MATERIAL SHOWN START

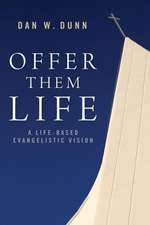 Offer Them Life: A Life-Based Evangelistic Vision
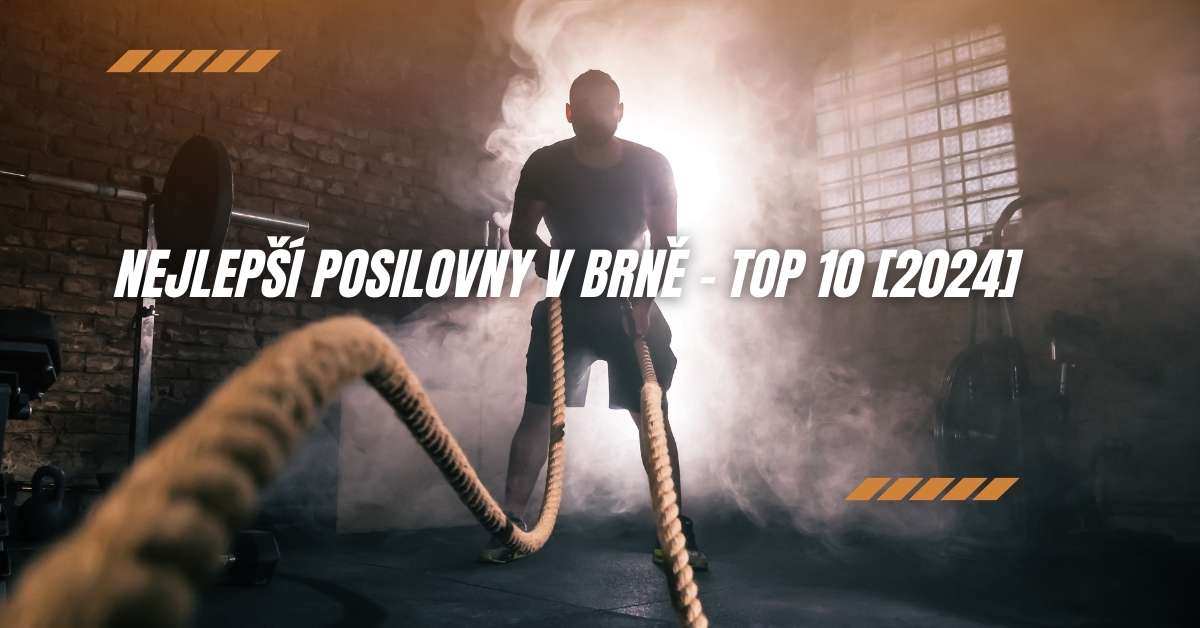 Nejlepší posilovny v Brně - TOP 10 [2024]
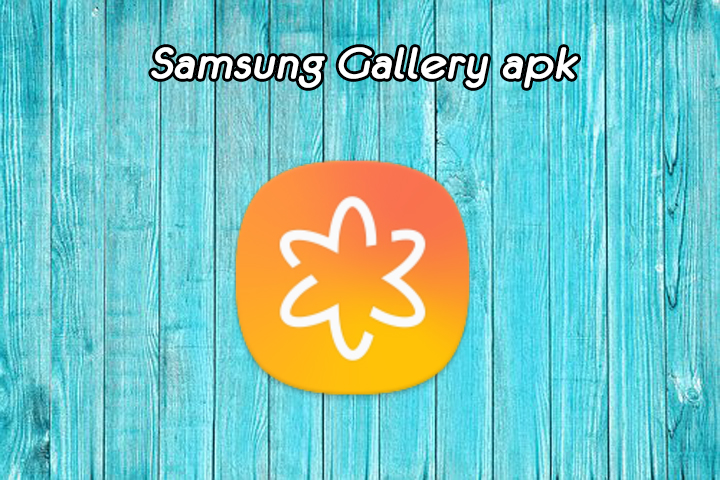 Samsung Gallery apk Samsung Gallery apk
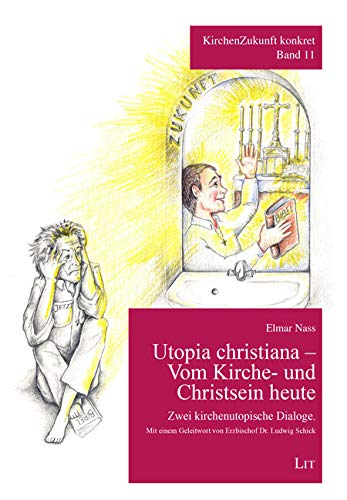 Utopia christiana - Vom Kirche- und Christsein heute: Zwei kirchenutopische Dialoge. Mit einem Geleitwort von Erzbischof Dr. Ludwig Schick von Lit Verlag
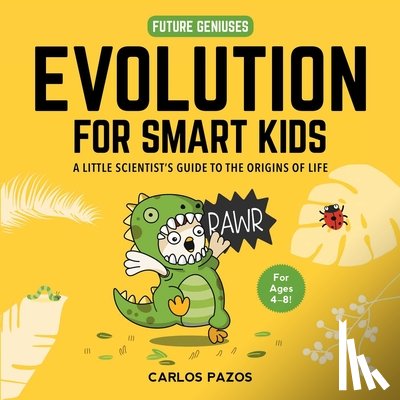 Pazos, Carlos - Evolution for Smart Kids
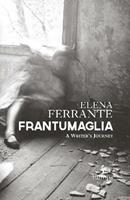 Frantumaglia. A writer's journey - Elena Ferrante - Libro Europa Editions 2016 | Libraccio.it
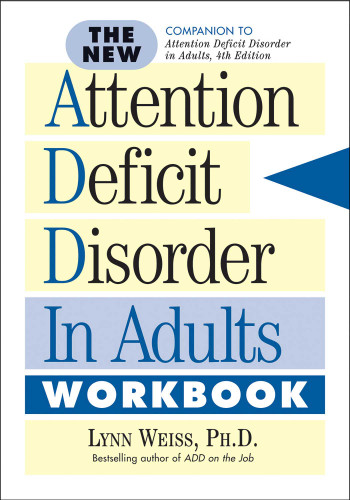 The New Attention Deficit Disorder in Adults Workbook book cover by Lynn Weiss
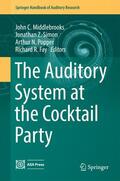 Middlebrooks / Fay / Simon |  The Auditory System at the Cocktail Party | Buch |  Sack Fachmedien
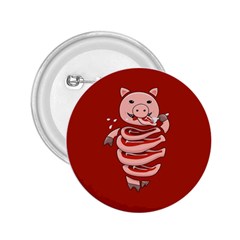 Red Stupid Self Eating Gluttonous Pig 2 25  Buttons by CreaturesStore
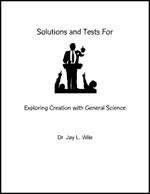 General Science, Exploring Creation with - Solutions Manual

MATERIAL SHOWN END

- _TASK TO CARRY OUT_:
Retype every entry verbatim and exclude the pictures from the copy.

- _RESPONSE_:
 Offer Them Life: A Life-Based Evangelistic Vision
 Nejlepší posilovny v Brně - TOP 10 [2024]
 Samsung Gallery apk Samsung Gallery apk
 Utopia christiana - Vom Kirche- und Christsein heute: Zwei kirchenutopische Dialoge. Mit einem Geleitwort von Erzbischof Dr. Ludwig Schick von Lit Verlag
 Pazos, Carlos - Evolution for Smart Kids
 Frantumaglia. A writer's journey - Elena Ferrante - Libro Europa Editions 2016 | Libraccio.it
 The New Attention Deficit Disorder in Adults Workbook book cover by Lynn Weiss
 Middlebrooks / Fay / Simon |  The Auditory System at the Cocktail Party | Buch |  Sack Fachmedien
 Red Stupid Self Eating Gluttonous Pig 2 25  Buttons by CreaturesStore
 General Science, Exploring Creation with - Solutions Manual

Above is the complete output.